# **FMRI Open QC Project**
This project is an invitation for the FMRI community to share quality control steps broadly. We provide one task-based collection and one resting-state collection, so that participating groups can all discuss a consistent set of underlying data. We hope this serves as a useful educational resource for FMRI researchers.
**The very brief project summary:** all participants will QC the same rest and/or task FMRI data, and describe their QC criteria in detail, highlighting some representative examples for clarity. This will help compile a reference of QC strategies from across the research community. Please see below for a detailed description of the data, as well as the detailed format for describing procedures in "Processing and QC description" and "Items to include in submitted articles."
To participate in this project and submit an article, please visit the [Demonstrating Quality Control (QC) Procedures in fMRI](https://www.frontiersin.org/research-topics/33922/demonstrating-quality-control-qc-procedures-in-fmri) Research Topic webpage at Frontiers, and click the "Participate" button just below the title. The due date for submissions is ~~Sept. 16, 2022~~ **Oct. 14, 2022** (updated!). We ask that submissions are made just before this time in September, so that all articles undergo revision simultaneously.
Please contact the Topic Editors (same webpage) with any scientific questions, and the journal editors for any article/journal questions.
### **Overview**
Quality control (QC) has long been an important part of FMRI processing, but it is typically underreported and too often underappreciated, whether for small or large, public or local datasets. This project aims to showcase examples of QC practices across institutions and to foster discussions within the field. Here, we invite researchers and developers across the globe to describe their QC methods in detail and to show them "in action" for a varied dataset acquired across multiple sites and scanners.

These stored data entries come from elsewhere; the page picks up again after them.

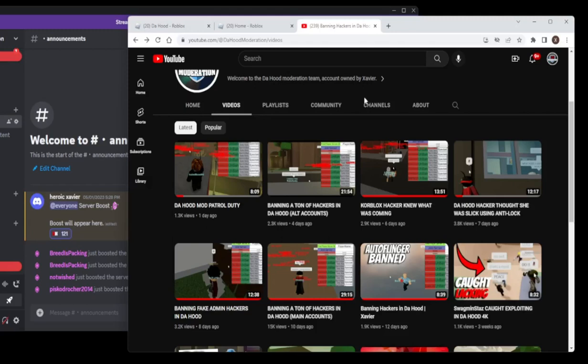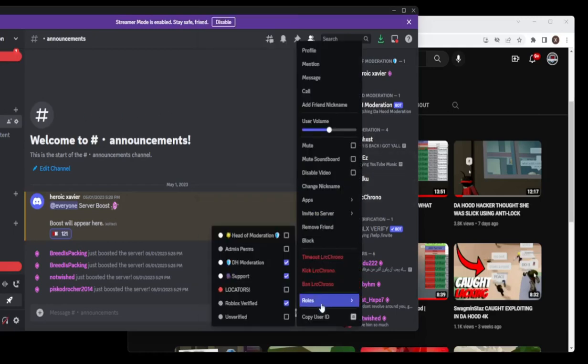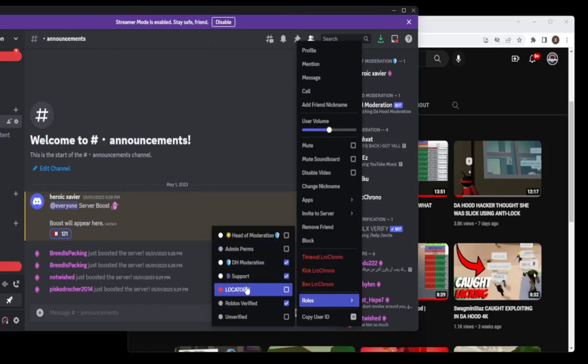And that is why I am forming this new agency within the discord.gg/Dahood moderation Discord server, link in the description below. Now listen, this new role, this new job, we are going to call them the locators.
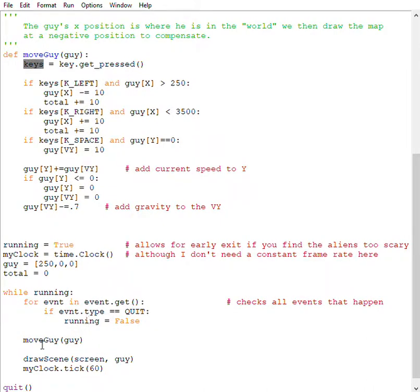If I try and print it out here, it doesn't exist. It only exists inside of move guy. Local variables are a good thing. They reduce the interaction of your variables. That's good.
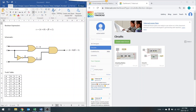Hi everyone. In this video, I'm going to show you how to build this circuit using Tinkercad Simulator. You can pretty much build any circuit on Tinkercad, simulate it, and make sure it's working. And then once you know it's working, you can build it on your breadboard.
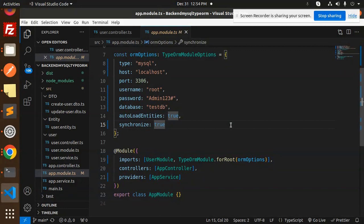By doing all of this, you are able to connect to TypeORM with MySQL and perform CRUD operations with MySQL, TypeORM, and NestJS. For any doubts or queries, let me know in the comment section. Thank you so much for watching — have a great day!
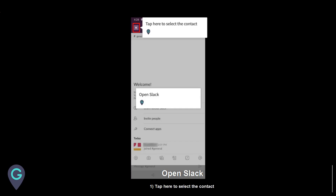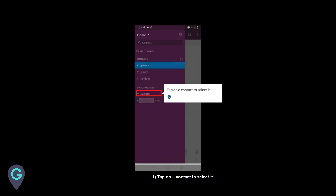Open Slack and tap here to select a contact. Tap on a contact to select it.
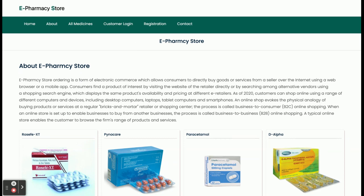So these are all the functionalities available inside the e-Pharmacy Store — a mini project developed in Java Spring Boot and MySQL with an Angular front-end framework. If you need any extra features or enhancements in this project, just put them in the comments and we will incorporate those changes. Don't forget to subscribe to our channel for the latest project videos on the latest technologies. Thanks for watching!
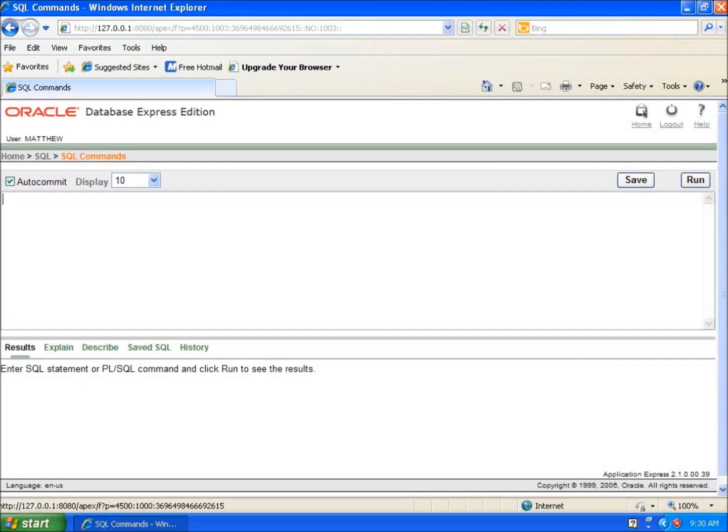In this video we're going to take a look at how to insert data into a table that already exists. I have a table called books, publisher, and author, and I want to put rows of information in there.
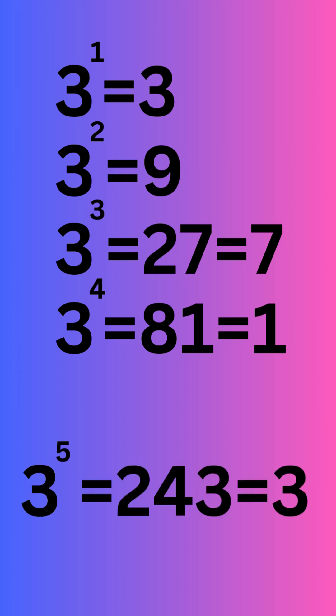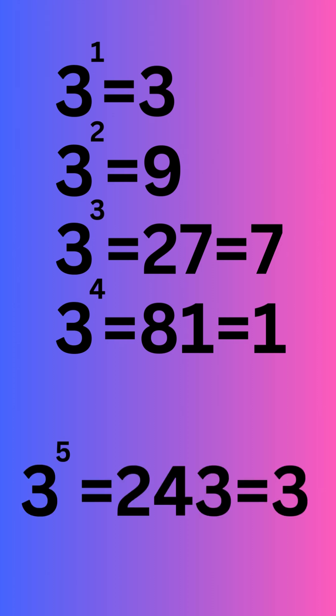And then three to the fifth we get 243 and the ones place is three again. So what's going to happen is this pattern is going to repeat itself. The ones digit is going to repeat with a pattern of 3-9-7-1.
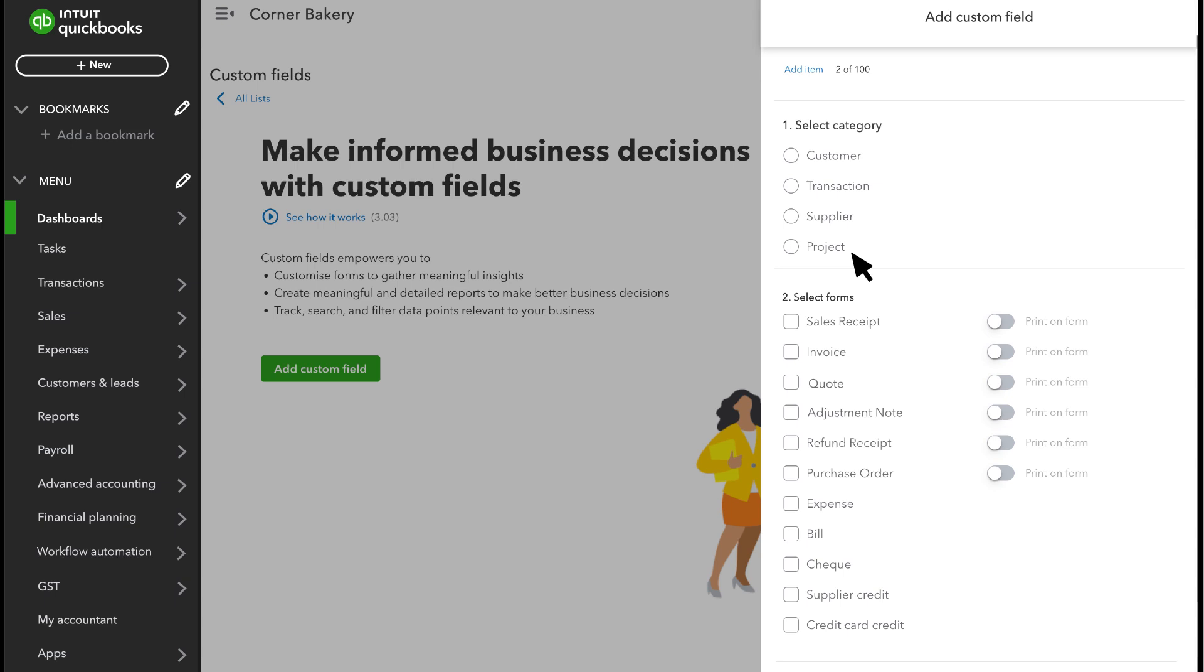Then, if you want that same information to appear on transactions, you can select which forms you want it to show up on. In this example, a sales rep isn't assigned to a customer, supplier, or project and only needs to appear on transactions, specifically sales transactions like sales receipts and invoices.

Current imaging practices and acquisition details vary widely across the neuroimaging community, depending on study aims, available hardware and more. QC procedures then typically vary along with these different acquisitions (for example, different criteria are relevant to single- or multi-echo data), as well as by software used and by the people interpreting it. The current project focuses on what is likely the most common MRI acquisition protocol both historically and today: non-accelerated (single-band) FMRI. QC for single-band EPI datasets is in some ways the foundation for all others; it is something that all neuroimaging researchers will encounter either directly or indirectly through the literature, making it the ideal target for the current project. To provide a common set of examples with which to demonstrate different QC practices, we have gathered data from several open, public FMRI repositories: specifically, datasets which have already been used in many studies and can be considered fairly representative of MRI data forming the basis of studies in the field.
We invite researchers to present their quality control assessments of the subjects in the provided data collection, listing which would be included or excluded from further analyses, and which might be considered borderline or "uncertain." Both task and several resting state cohorts are included, and participating researchers can choose to examine either or both of these types of data.
The goals of this project are:
* For researchers to be detailed and didactic about their quality control methods;
* To present possible QC pipelines (with an emphasis on visualization and understanding) in the context of several "real world" data packages;
* To share ideas of quality control more broadly among all researchers.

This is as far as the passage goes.